Un diagnóstico de fiebre reumática tardío me dejó postrado seis meses en cama. Sumado a eso, las intempestivas muertes de seres queridos impregnaron en mí, desde los trece años, el temor a quedarme solo.
En mis veintes fui dichoso (o, al menos, eso creía). Festejé como un niño en cumpleaños, disfruté cada día como si fuera nuevo en eso de vivir, acumulé trabajos y experiencias. La verdad es que me escondía. Huía de esa desabrida felicidad que te hace pensar que tener privilegios lo es todo.

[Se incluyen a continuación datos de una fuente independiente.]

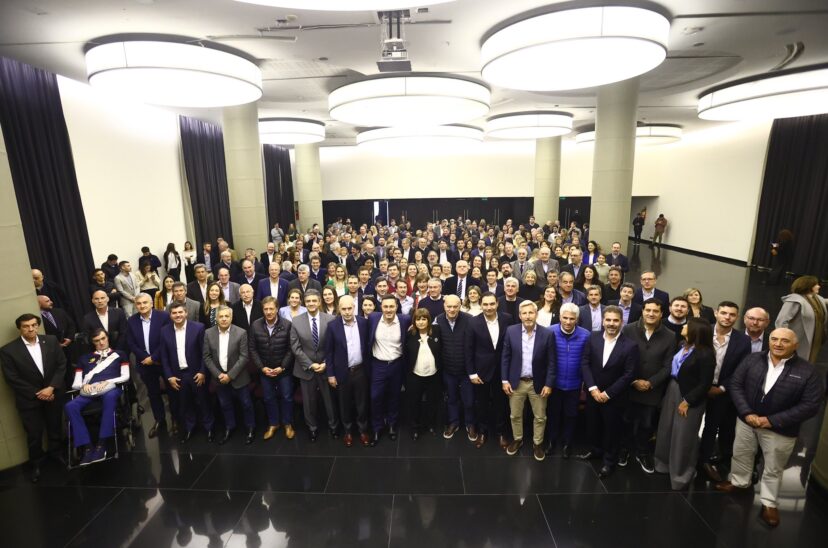 Patricia Bullrich foto unidad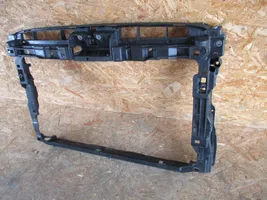 Volkswagen PASSAT B8 Radiator support slam panel bracket 3G0805588K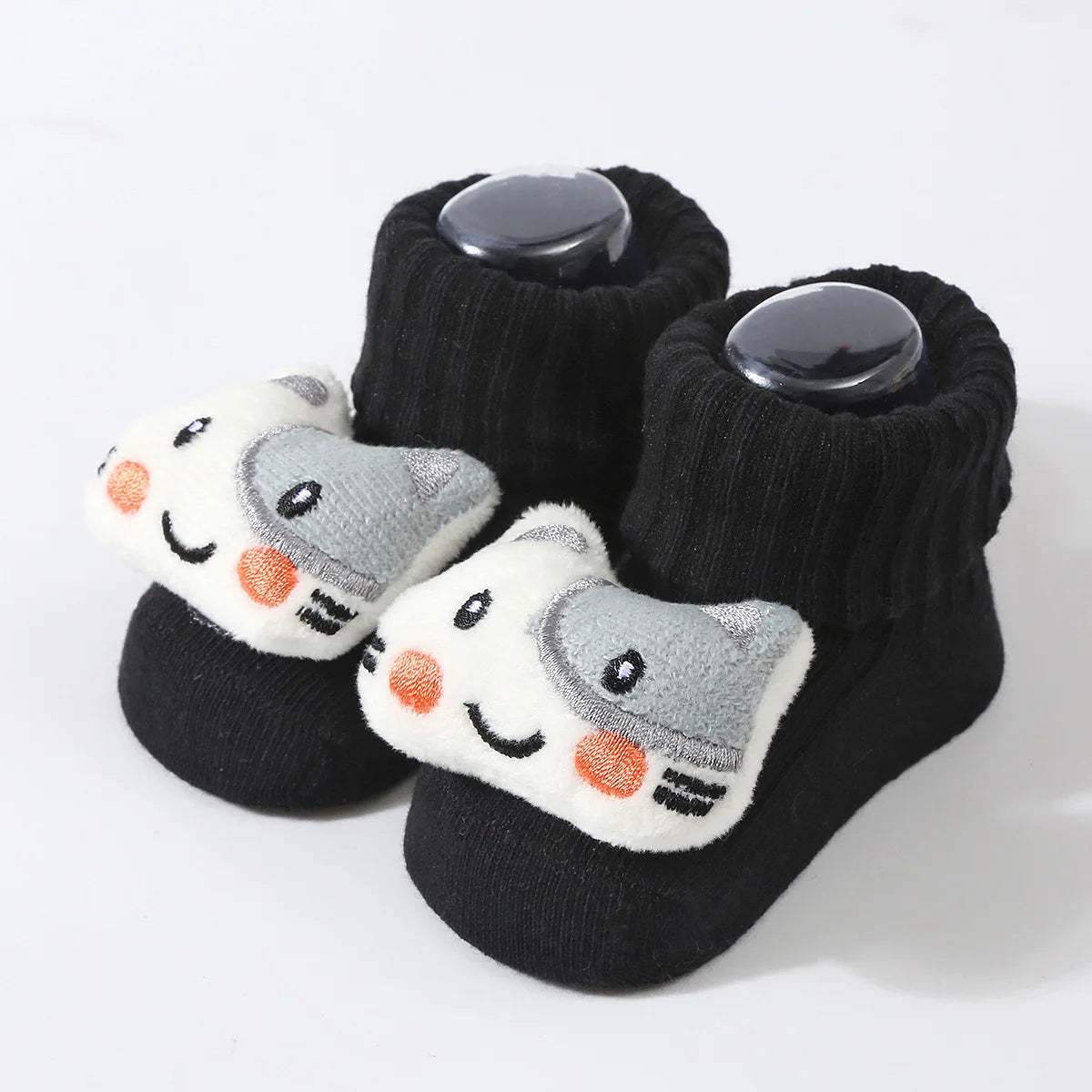 Newborn Baby Soft Cotton Winter Socks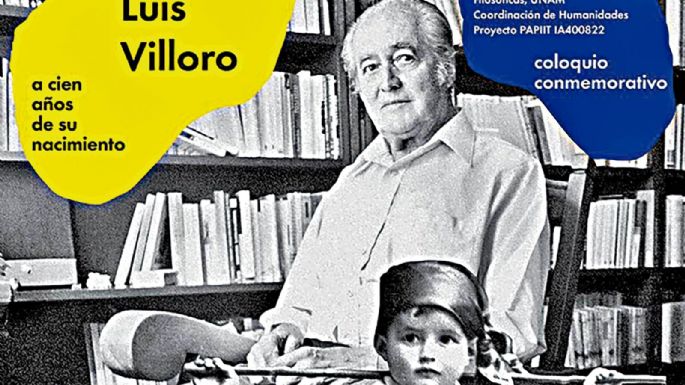 Los homenajes del Colnal y de la UNAM a Juan Villoro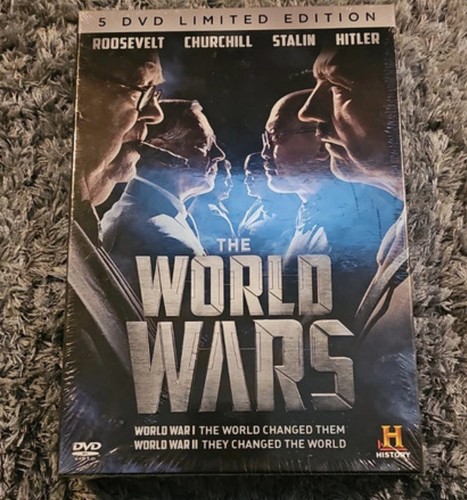 The world wars - wars, history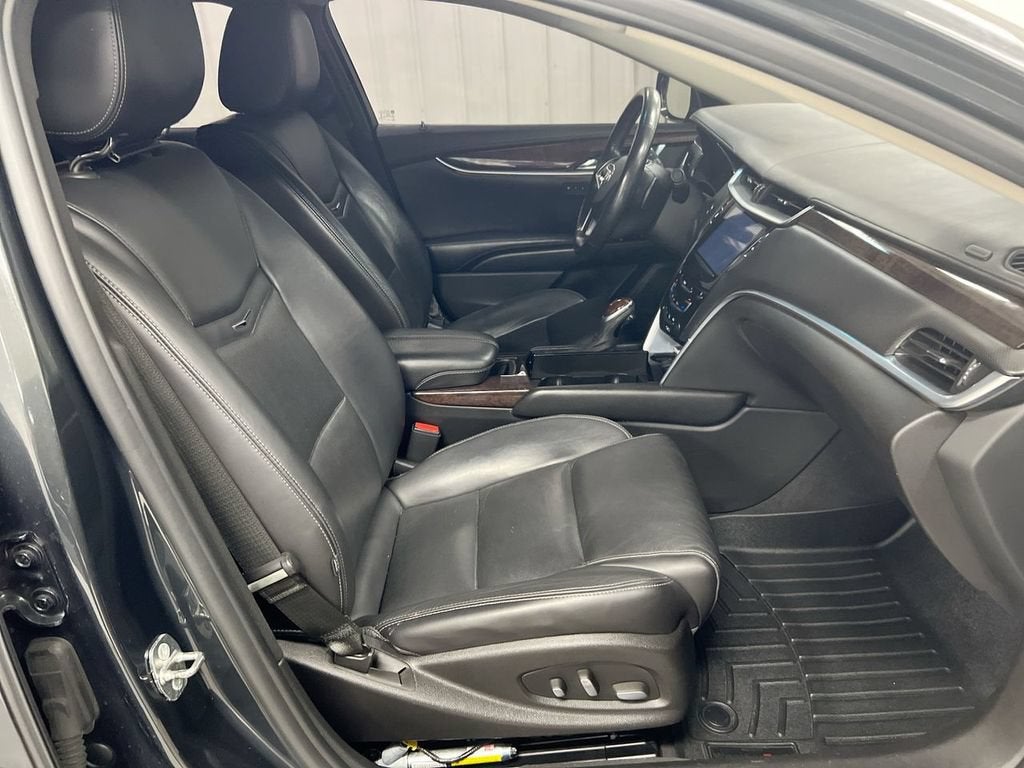 2015 Cadillac XTS Luxury
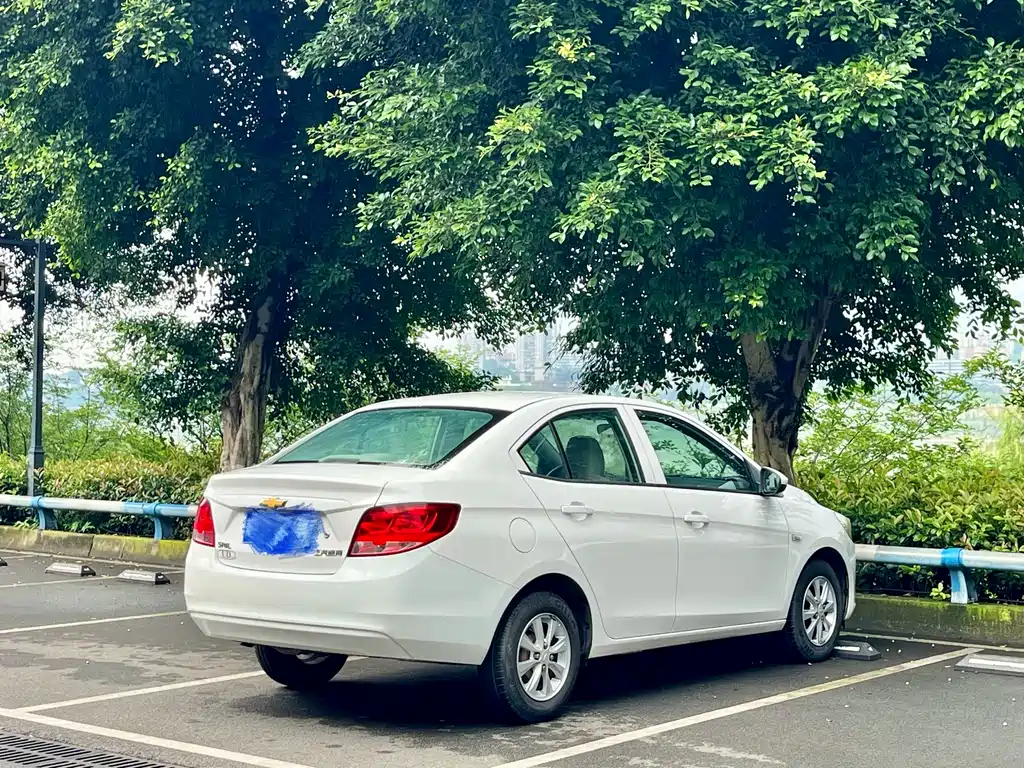 Chevrolet Sail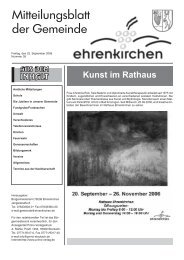 kw38ehrenkirchen06.pdf (601,91 kB) - Gemeinde Ehrenkirchen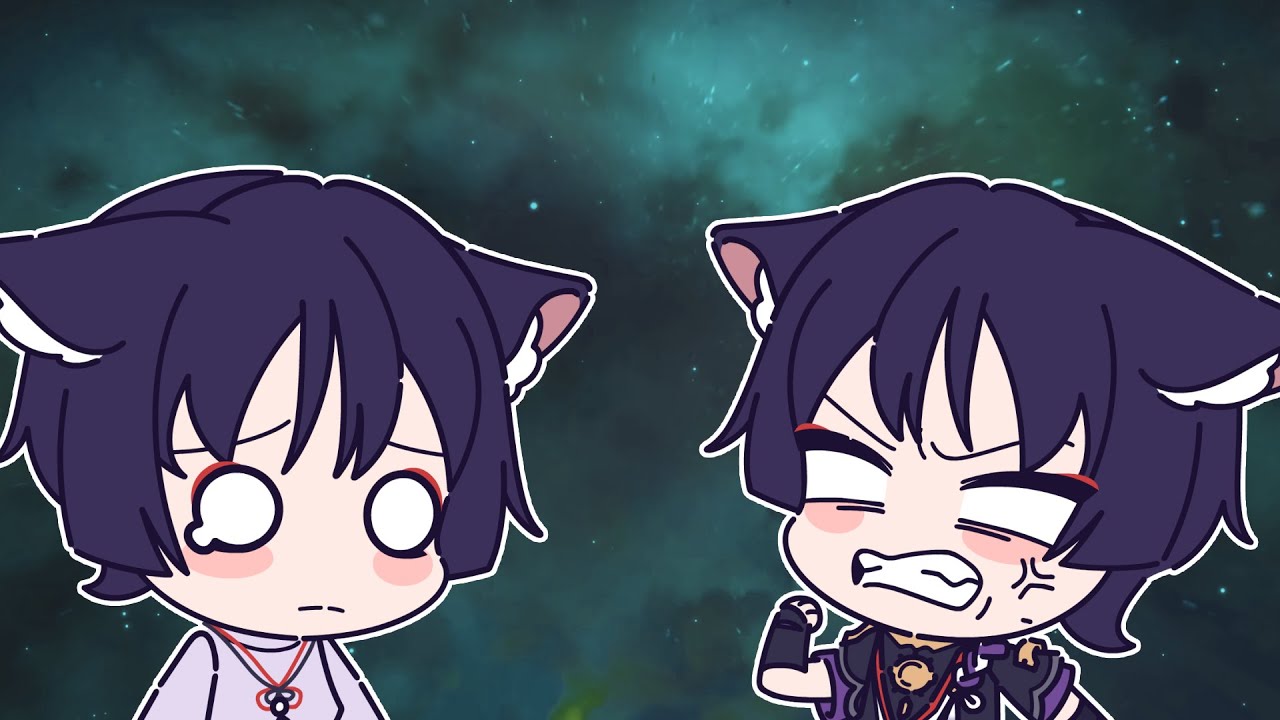 Dreaming Catsody - GENSHIN IMPACT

Disfrutaba sin cuestionarme, saciándome de apariencias. Elegí un camino sin salida, sin encanto.
Hasta que, un día, esa abundancia de apariencias estalló como un huevo al tirarlo contra un muro. Me fui a ser uno más. Uno que no pudiera llegar a ser Presidente con tres llamadas telefónicas. Me fui a buscar ser yo mismo. Fue entonces que comencé a cuestionarme. Me tracé objetivos y enfrenté la soledad en muchedumbre. Me perdí conociéndome, queriéndome y sintiéndome querido en aquella soledad.
El sufrimiento se mantiene y la ansiedad decae, pero, igual, de vez en cuando me visita por las noches. Descubrirme amado solo por el hecho de estar aquí me ha dado paz y seguridad. Hoy, bordeo los cincuenta y siento que alcanzaré nuevos objetivos, abrazo nuevos amores y amistades sinceras, y quiero desafiar mi equilibrio actual, porque si algo aprendí en la soledad es que no nací para quedarme quieto.